Sunday, October 27, 2013

5 ways to beat procrastination

There seems to be a procrastination theme happening on the StudyBreak Facebook page at the moment so here are 5 ways to beat procrastination and get whichever part of study you are avoiding done.

Here are 5 ways to beat procrastination and get your study done!

1. Set small study goals
What is the task and what do you need to do to get there?
Each day write down two smaller goals to complete. On the same list, write down others things you would like to get done too. Is there washing to do? Do you need to call back Aunty Dot? Do you need to schedule exercise in today? Study just might look like the better option!

2. Reward yourself
When you've achieved your set smaller goals, reward yourself. It might be going to the beach, watching tv or surf ing Facebook. When you've completed a task then it's time to take some time out before starting on the next assignment or exam study. This is the time to reward yourself with an organised social outing, a massage or something else you find relaxing. This will help you re -energise for the next task and reduce your stress.

3. Remind yourself how good you'll feel once it's done
You've already checked your Facebook feed five times this morning and there are no new emails, smothered no needtocheck them again for the next two hours. Mark Twain said 'the secret to getting started is to start'. Remind yourself how good you will feel once you've achieved your study goals. 

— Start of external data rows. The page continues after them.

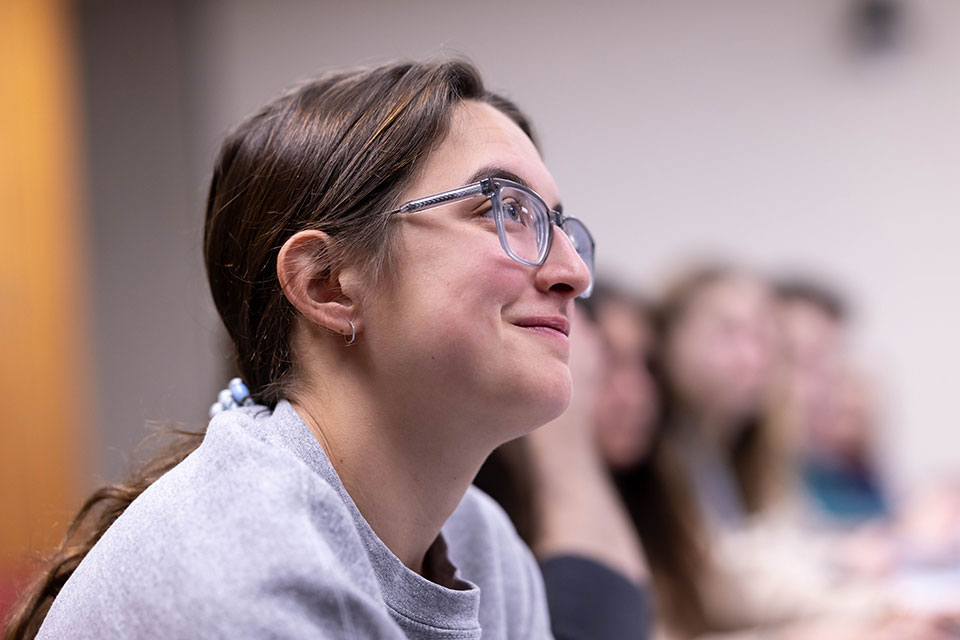 Students seated in a classroom listening to a lecture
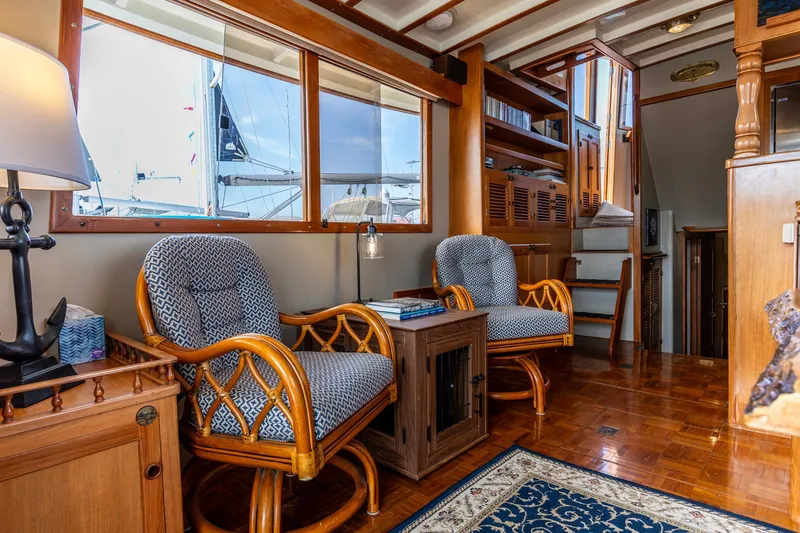 Slide: The Image of Interior of 1990 Kadey-Krogen 42 yacht with elegant wooden furnishings and comfortable seating. - 44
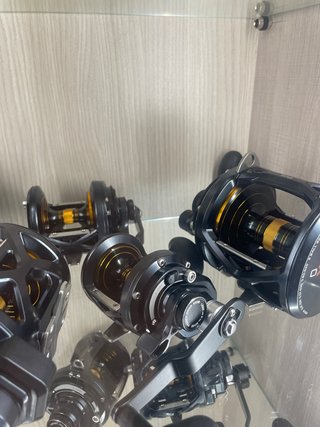 Mulinelli da pesca neri e oro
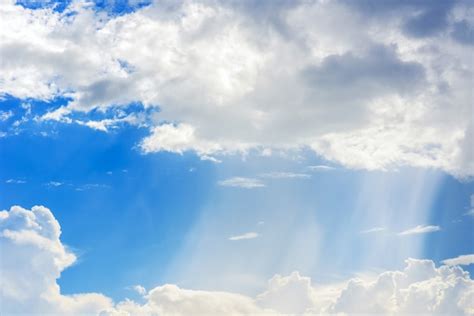 Premium Photo Sunbeam Through The Haze On Blue Sky Clouds With Sun Rays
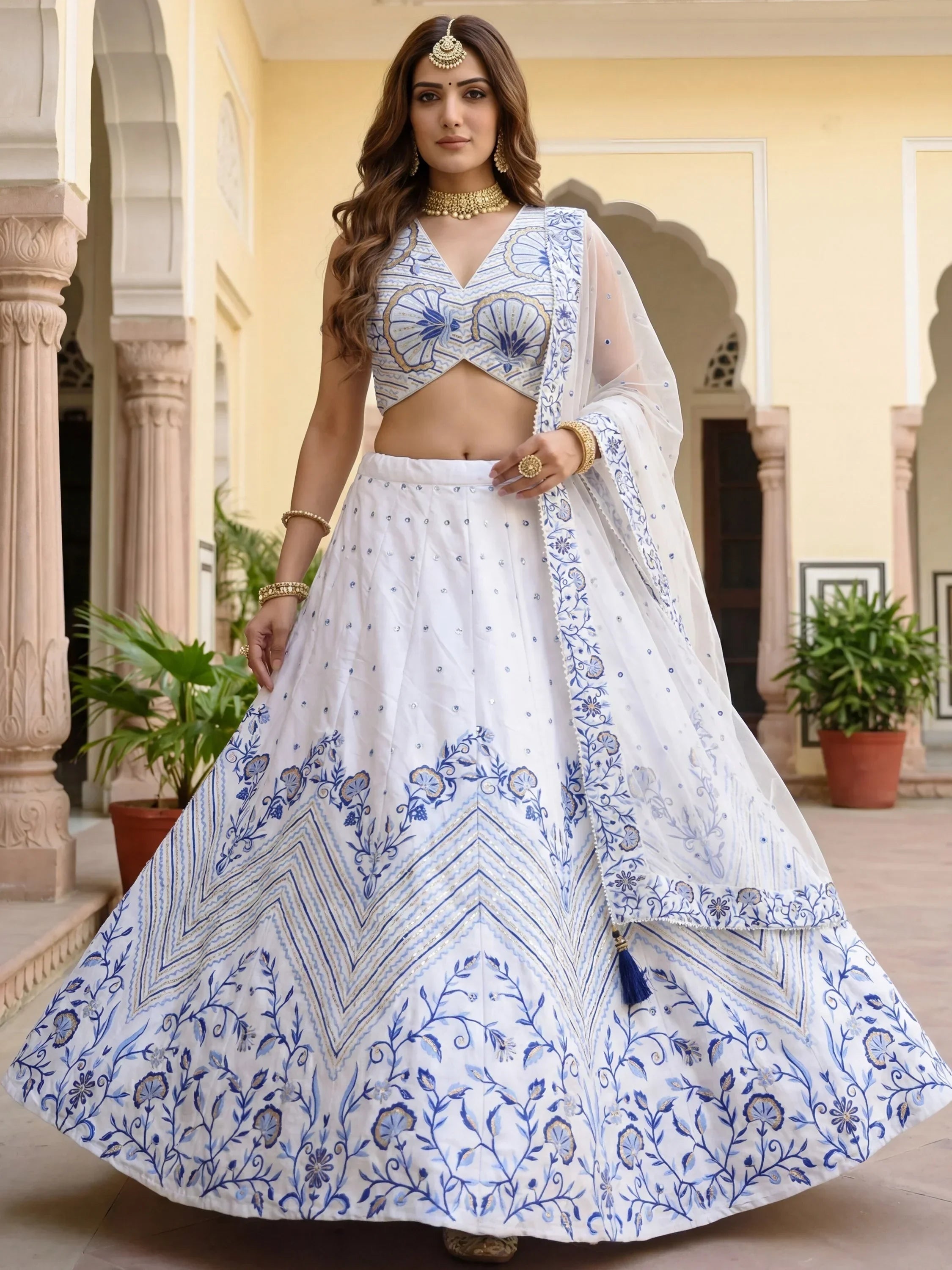 Awesome White Embroidered Satin Sangeet Wear Lehenga Choli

4. Talk about your study and get your motivation back
Simply sharing with someone about your study efforts and what task you're working on can clear your thoughts and motivate you to keep going. Especially if the other person gives you encouraging words. Talking out loud about your study can help you vent about any problems and make you realise how much you do know about your topic. 

5. Eat, sleep and exercise
Some people may use these tasks to avoid study but eating a healthy diet, getting adequate sleep and daily exercise will boost your energy levels. Try to exercise before studying and awaken your mind or change your study snack from chips to grapes. Be kind to your body!

How do you get your study started?

Friday, September 27, 2013

Orwell's 6 rules for writing - which ones do you break?

Many students are now writing their final assignment for the year. Some students are studying for their upcoming exams and some students are crazy enough to be enrolling in Summer units!

Here are some writing tips from George Orwell's 1946 article on Politics and the English Language.

The key points from this article:

  1. Never use a metaphor, simile, or other figure of speech which you are used to seeing in print.
  2. Never use a long word where a short one will do.
  3. If it is possible to cut a word out, always cut it out.
  4. Never use the passive where you can use the active. (click here for explanation)
  5. Never use a foreign phrase, a scientific word, or a jargon word if you can think of an everyday English equivalent.
  6. Break any of these rules sooner than say anything outright barbarous (in other words, use common sense when applying these rules)
I'm guilty of breaking all of them and I have found that to not break them, I need to continually practise what I call the Art of Writing.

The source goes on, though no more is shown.